Your task is to return exactly the lines that run from the one containing "小型高壓清洗機(jī)用柱塞泵" through the end of the listing below, without any pictures.

> [Information supplied]:
□ □ □

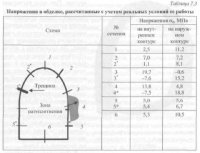 Расчетно-теоретический анализ несущей способности обделки с учетом реальных условий ее работы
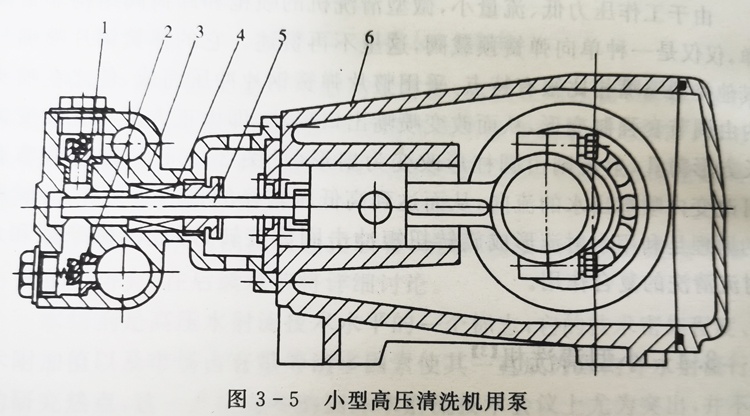 小型高壓清洗機(jī)用柱塞泵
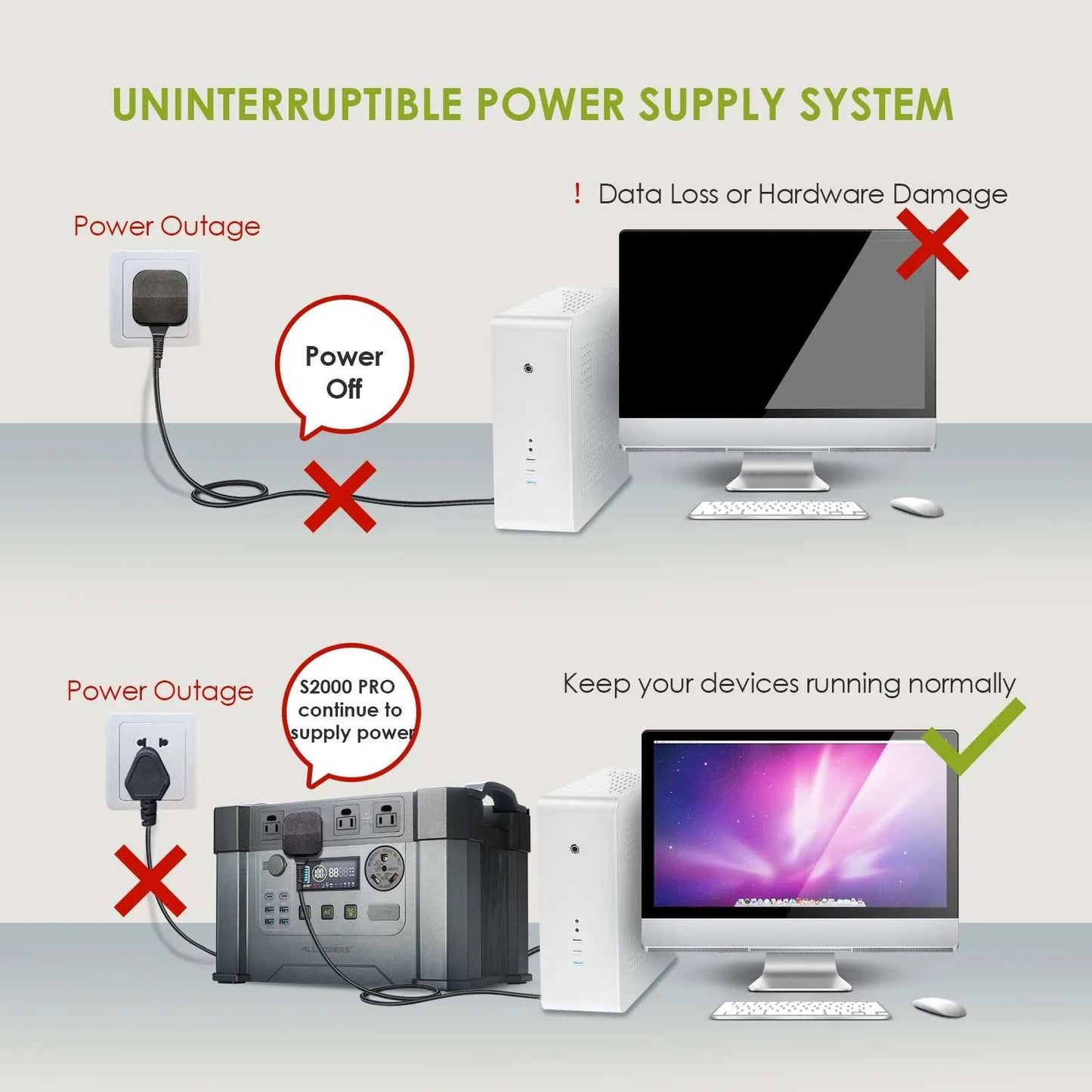 The S2000 Pro Sun-Powered Party Machine is a game-changer for anyone seeking a reliable and eco-friendly power source. This solar generator kit is designed to harnes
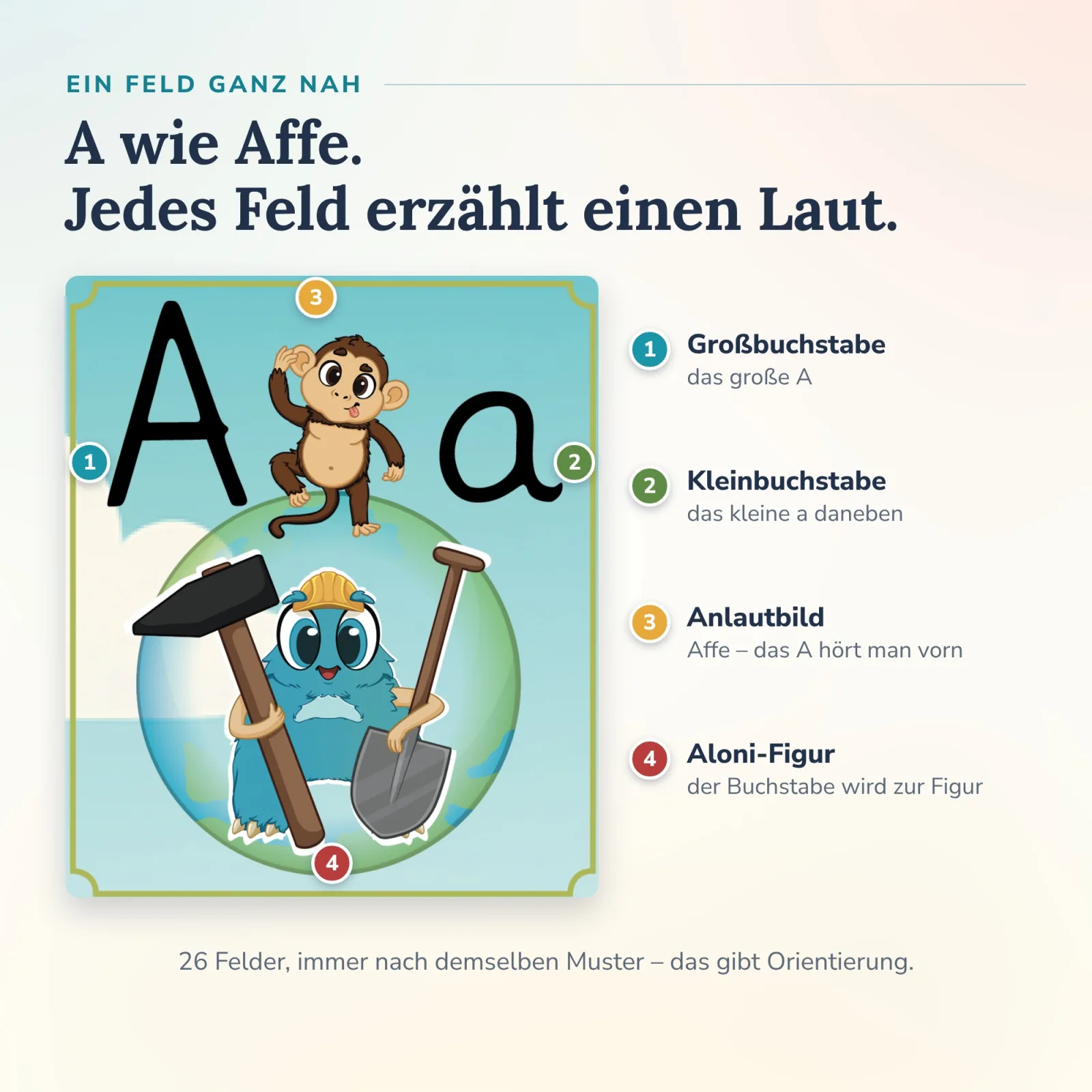 Ein Feld des ABC-Lernplakats nah: A und a, Anlautbild Affe und die Aloni-Figur A mit Hammer und Schaufel – Anlaute selbständig erkennen. Alonies.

□ □ □

> [Answer box]:
 小型高壓清洗機(jī)用柱塞泵
 The S2000 Pro Sun-Powered Party Machine is a game-changer for anyone seeking a reliable and eco-friendly power source. This solar generator kit is designed to harnes
 Ein Feld des ABC-Lernplakats nah: A und a, Anlautbild Affe und die Aloni-Figur A mit Hammer und Schaufel – Anlaute selbständig erkennen. Alonies.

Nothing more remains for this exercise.